*** Block opens ***
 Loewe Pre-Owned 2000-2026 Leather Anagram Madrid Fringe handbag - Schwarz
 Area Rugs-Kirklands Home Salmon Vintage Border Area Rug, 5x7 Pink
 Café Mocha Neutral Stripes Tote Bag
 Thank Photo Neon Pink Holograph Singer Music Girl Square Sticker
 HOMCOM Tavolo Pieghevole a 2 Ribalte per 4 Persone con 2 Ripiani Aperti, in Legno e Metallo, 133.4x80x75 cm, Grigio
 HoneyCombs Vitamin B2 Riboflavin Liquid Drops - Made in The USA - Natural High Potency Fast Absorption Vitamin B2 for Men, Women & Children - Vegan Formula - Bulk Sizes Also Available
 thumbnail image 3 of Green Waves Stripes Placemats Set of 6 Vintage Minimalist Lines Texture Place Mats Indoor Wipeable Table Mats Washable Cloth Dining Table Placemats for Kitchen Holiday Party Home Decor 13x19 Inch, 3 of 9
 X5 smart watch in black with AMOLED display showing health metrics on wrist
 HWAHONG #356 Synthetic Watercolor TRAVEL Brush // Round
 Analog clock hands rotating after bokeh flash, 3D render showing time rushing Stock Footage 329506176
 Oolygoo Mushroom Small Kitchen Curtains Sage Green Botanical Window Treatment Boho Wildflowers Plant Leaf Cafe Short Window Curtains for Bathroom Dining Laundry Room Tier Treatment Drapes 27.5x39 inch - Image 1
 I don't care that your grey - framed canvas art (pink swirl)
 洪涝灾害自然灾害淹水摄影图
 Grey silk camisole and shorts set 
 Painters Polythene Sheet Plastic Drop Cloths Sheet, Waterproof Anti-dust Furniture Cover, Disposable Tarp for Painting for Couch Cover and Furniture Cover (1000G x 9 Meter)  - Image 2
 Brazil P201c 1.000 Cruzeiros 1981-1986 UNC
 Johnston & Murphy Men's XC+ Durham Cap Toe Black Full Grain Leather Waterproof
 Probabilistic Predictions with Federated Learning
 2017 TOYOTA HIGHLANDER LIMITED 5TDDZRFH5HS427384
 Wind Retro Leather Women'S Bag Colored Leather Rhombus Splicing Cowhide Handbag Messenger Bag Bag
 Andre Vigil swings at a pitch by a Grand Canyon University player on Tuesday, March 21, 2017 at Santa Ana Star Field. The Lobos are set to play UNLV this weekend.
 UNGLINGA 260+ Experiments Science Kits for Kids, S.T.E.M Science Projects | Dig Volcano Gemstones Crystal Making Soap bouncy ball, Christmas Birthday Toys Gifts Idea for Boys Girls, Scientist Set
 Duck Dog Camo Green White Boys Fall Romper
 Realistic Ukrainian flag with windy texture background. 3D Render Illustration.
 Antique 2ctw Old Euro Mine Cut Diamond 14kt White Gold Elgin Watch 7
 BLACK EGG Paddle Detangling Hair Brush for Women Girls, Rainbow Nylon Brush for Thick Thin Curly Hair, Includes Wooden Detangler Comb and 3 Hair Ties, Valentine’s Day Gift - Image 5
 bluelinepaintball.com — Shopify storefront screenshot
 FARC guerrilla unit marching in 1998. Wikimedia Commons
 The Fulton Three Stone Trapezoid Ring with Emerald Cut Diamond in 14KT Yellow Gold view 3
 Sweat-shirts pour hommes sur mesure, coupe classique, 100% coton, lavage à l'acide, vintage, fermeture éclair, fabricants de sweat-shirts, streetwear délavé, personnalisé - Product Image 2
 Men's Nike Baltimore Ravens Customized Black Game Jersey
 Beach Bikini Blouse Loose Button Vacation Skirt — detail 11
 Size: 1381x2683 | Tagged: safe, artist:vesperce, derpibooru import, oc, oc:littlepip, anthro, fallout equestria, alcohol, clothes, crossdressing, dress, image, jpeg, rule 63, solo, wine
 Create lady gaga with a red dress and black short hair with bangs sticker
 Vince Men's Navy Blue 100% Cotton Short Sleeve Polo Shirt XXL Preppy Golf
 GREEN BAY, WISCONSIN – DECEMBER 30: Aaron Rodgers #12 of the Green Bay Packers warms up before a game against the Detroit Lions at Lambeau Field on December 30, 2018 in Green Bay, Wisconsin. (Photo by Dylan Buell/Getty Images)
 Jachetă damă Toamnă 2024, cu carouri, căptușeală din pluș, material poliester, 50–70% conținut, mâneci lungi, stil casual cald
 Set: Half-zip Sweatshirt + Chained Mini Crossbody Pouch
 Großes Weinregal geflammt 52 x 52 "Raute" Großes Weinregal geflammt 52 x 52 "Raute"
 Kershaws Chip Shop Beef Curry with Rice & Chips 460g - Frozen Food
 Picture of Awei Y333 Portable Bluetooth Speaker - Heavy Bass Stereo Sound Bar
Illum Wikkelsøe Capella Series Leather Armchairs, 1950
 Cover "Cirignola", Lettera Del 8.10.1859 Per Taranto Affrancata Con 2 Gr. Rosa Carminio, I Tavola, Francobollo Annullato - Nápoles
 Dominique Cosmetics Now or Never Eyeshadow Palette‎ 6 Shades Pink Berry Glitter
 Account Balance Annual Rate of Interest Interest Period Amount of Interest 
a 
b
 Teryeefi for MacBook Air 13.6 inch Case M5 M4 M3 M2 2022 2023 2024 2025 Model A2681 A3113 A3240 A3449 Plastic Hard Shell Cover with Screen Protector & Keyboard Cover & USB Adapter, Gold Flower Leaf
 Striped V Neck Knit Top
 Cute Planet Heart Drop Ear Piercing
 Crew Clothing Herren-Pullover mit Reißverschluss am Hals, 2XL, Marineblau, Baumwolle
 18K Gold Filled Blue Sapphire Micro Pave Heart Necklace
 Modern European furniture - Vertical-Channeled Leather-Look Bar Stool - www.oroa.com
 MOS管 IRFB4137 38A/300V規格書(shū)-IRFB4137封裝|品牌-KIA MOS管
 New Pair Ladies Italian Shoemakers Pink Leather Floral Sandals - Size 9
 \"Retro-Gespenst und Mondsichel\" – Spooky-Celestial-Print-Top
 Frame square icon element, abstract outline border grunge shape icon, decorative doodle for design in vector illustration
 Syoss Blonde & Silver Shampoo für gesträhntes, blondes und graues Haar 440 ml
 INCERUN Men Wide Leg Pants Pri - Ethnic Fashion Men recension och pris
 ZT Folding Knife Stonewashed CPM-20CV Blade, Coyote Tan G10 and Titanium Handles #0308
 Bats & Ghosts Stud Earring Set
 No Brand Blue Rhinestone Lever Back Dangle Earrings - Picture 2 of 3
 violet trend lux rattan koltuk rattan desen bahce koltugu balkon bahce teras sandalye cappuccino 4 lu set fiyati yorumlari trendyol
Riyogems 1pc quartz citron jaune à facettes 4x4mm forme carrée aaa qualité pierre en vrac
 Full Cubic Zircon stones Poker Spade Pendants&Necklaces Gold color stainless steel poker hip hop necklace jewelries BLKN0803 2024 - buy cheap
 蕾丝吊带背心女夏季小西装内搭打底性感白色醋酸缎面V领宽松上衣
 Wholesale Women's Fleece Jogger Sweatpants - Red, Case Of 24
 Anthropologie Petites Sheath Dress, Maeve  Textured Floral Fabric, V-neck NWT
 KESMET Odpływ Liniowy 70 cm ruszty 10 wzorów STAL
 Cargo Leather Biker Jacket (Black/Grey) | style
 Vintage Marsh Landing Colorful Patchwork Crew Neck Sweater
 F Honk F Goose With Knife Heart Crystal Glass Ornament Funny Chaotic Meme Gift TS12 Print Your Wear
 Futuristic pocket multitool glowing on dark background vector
*** Block closes ***
• YOUR TASK:
Beginning with the first line above, transcribe all of the data exactly.

• SOLVED PROBLEM:
 Loewe Pre-Owned 2000-2026 Leather Anagram Madrid Fringe handbag - Schwarz
 Area Rugs-Kirklands Home Salmon Vintage Border Area Rug, 5x7 Pink
 Café Mocha Neutral Stripes Tote Bag
 Thank Photo Neon Pink Holograph Singer Music Girl Square Sticker
 HOMCOM Tavolo Pieghevole a 2 Ribalte per 4 Persone con 2 Ripiani Aperti, in Legno e Metallo, 133.4x80x75 cm, Grigio
 HoneyCombs Vitamin B2 Riboflavin Liquid Drops - Made in The USA - Natural High Potency Fast Absorption Vitamin B2 for Men, Women & Children - Vegan Formula - Bulk Sizes Also Available
 thumbnail image 3 of Green Waves Stripes Placemats Set of 6 Vintage Minimalist Lines Texture Place Mats Indoor Wipeable Table Mats Washable Cloth Dining Table Placemats for Kitchen Holiday Party Home Decor 13x19 Inch, 3 of 9
 X5 smart watch in black with AMOLED display showing health metrics on wrist
 HWAHONG #356 Synthetic Watercolor TRAVEL Brush // Round
 Analog clock hands rotating after bokeh flash, 3D render showing time rushing Stock Footage 329506176
 Oolygoo Mushroom Small Kitchen Curtains Sage Green Botanical Window Treatment Boho Wildflowers Plant Leaf Cafe Short Window Curtains for Bathroom Dining Laundry Room Tier Treatment Drapes 27.5x39 inch - Image 1
 I don't care that your grey - framed canvas art (pink swirl)
 洪涝灾害自然灾害淹水摄影图
 Grey silk camisole and shorts set 
 Painters Polythene Sheet Plastic Drop Cloths Sheet, Waterproof Anti-dust Furniture Cover, Disposable Tarp for Painting for Couch Cover and Furniture Cover (1000G x 9 Meter)  - Image 2
 Brazil P201c 1.000 Cruzeiros 1981-1986 UNC
 Johnston & Murphy Men's XC+ Durham Cap Toe Black Full Grain Leather Waterproof
 Probabilistic Predictions with Federated Learning
 2017 TOYOTA HIGHLANDER LIMITED 5TDDZRFH5HS427384
 Wind Retro Leather Women'S Bag Colored Leather Rhombus Splicing Cowhide Handbag Messenger Bag Bag
 Andre Vigil swings at a pitch by a Grand Canyon University player on Tuesday, March 21, 2017 at Santa Ana Star Field. The Lobos are set to play UNLV this weekend.
 UNGLINGA 260+ Experiments Science Kits for Kids, S.T.E.M Science Projects | Dig Volcano Gemstones Crystal Making Soap bouncy ball, Christmas Birthday Toys Gifts Idea for Boys Girls, Scientist Set
 Duck Dog Camo Green White Boys Fall Romper
 Realistic Ukrainian flag with windy texture background. 3D Render Illustration.
 Antique 2ctw Old Euro Mine Cut Diamond 14kt White Gold Elgin Watch 7
 BLACK EGG Paddle Detangling Hair Brush for Women Girls, Rainbow Nylon Brush for Thick Thin Curly Hair, Includes Wooden Detangler Comb and 3 Hair Ties, Valentine’s Day Gift - Image 5
 bluelinepaintball.com — Shopify storefront screenshot
 FARC guerrilla unit marching in 1998. Wikimedia Commons
 The Fulton Three Stone Trapezoid Ring with Emerald Cut Diamond in 14KT Yellow Gold view 3
 Sweat-shirts pour hommes sur mesure, coupe classique, 100% coton, lavage à l'acide, vintage, fermeture éclair, fabricants de sweat-shirts, streetwear délavé, personnalisé - Product Image 2
 Men's Nike Baltimore Ravens Customized Black Game Jersey
 Beach Bikini Blouse Loose Button Vacation Skirt — detail 11
 Size: 1381x2683 | Tagged: safe, artist:vesperce, derpibooru import, oc, oc:littlepip, anthro, fallout equestria, alcohol, clothes, crossdressing, dress, image, jpeg, rule 63, solo, wine
 Create lady gaga with a red dress and black short hair with bangs sticker
 Vince Men's Navy Blue 100% Cotton Short Sleeve Polo Shirt XXL Preppy Golf
 GREEN BAY, WISCONSIN – DECEMBER 30: Aaron Rodgers #12 of the Green Bay Packers warms up before a game against the Detroit Lions at Lambeau Field on December 30, 2018 in Green Bay, Wisconsin. (Photo by Dylan Buell/Getty Images)
 Jachetă damă Toamnă 2024, cu carouri, căptușeală din pluș, material poliester, 50–70% conținut, mâneci lungi, stil casual cald
 Set: Half-zip Sweatshirt + Chained Mini Crossbody Pouch
 Großes Weinregal geflammt 52 x 52 "Raute" Großes Weinregal geflammt 52 x 52 "Raute"
 Kershaws Chip Shop Beef Curry with Rice & Chips 460g - Frozen Food
 Picture of Awei Y333 Portable Bluetooth Speaker - Heavy Bass Stereo Sound Bar
Illum Wikkelsøe Capella Series Leather Armchairs, 1950
 Cover "Cirignola", Lettera Del 8.10.1859 Per Taranto Affrancata Con 2 Gr. Rosa Carminio, I Tavola, Francobollo Annullato - Nápoles
 Dominique Cosmetics Now or Never Eyeshadow Palette‎ 6 Shades Pink Berry Glitter
 Account Balance Annual Rate of Interest Interest Period Amount of Interest 
a 
b
 Teryeefi for MacBook Air 13.6 inch Case M5 M4 M3 M2 2022 2023 2024 2025 Model A2681 A3113 A3240 A3449 Plastic Hard Shell Cover with Screen Protector & Keyboard Cover & USB Adapter, Gold Flower Leaf
 Striped V Neck Knit Top
 Cute Planet Heart Drop Ear Piercing
 Crew Clothing Herren-Pullover mit Reißverschluss am Hals, 2XL, Marineblau, Baumwolle
 18K Gold Filled Blue Sapphire Micro Pave Heart Necklace
 Modern European furniture - Vertical-Channeled Leather-Look Bar Stool - www.oroa.com
 MOS管 IRFB4137 38A/300V規格書(shū)-IRFB4137封裝|品牌-KIA MOS管
 New Pair Ladies Italian Shoemakers Pink Leather Floral Sandals - Size 9
 \"Retro-Gespenst und Mondsichel\" – Spooky-Celestial-Print-Top
 Frame square icon element, abstract outline border grunge shape icon, decorative doodle for design in vector illustration
 Syoss Blonde & Silver Shampoo für gesträhntes, blondes und graues Haar 440 ml
 INCERUN Men Wide Leg Pants Pri - Ethnic Fashion Men recension och pris
 ZT Folding Knife Stonewashed CPM-20CV Blade, Coyote Tan G10 and Titanium Handles #0308
 Bats & Ghosts Stud Earring Set
 No Brand Blue Rhinestone Lever Back Dangle Earrings - Picture 2 of 3
 violet trend lux rattan koltuk rattan desen bahce koltugu balkon bahce teras sandalye cappuccino 4 lu set fiyati yorumlari trendyol
Riyogems 1pc quartz citron jaune à facettes 4x4mm forme carrée aaa qualité pierre en vrac
 Full Cubic Zircon stones Poker Spade Pendants&Necklaces Gold color stainless steel poker hip hop necklace jewelries BLKN0803 2024 - buy cheap
 蕾丝吊带背心女夏季小西装内搭打底性感白色醋酸缎面V领宽松上衣
 Wholesale Women's Fleece Jogger Sweatpants - Red, Case Of 24
 Anthropologie Petites Sheath Dress, Maeve  Textured Floral Fabric, V-neck NWT
 KESMET Odpływ Liniowy 70 cm ruszty 10 wzorów STAL
 Cargo Leather Biker Jacket (Black/Grey) | style
 Vintage Marsh Landing Colorful Patchwork Crew Neck Sweater
 F Honk F Goose With Knife Heart Crystal Glass Ornament Funny Chaotic Meme Gift TS12 Print Your Wear
 Futuristic pocket multitool glowing on dark background vector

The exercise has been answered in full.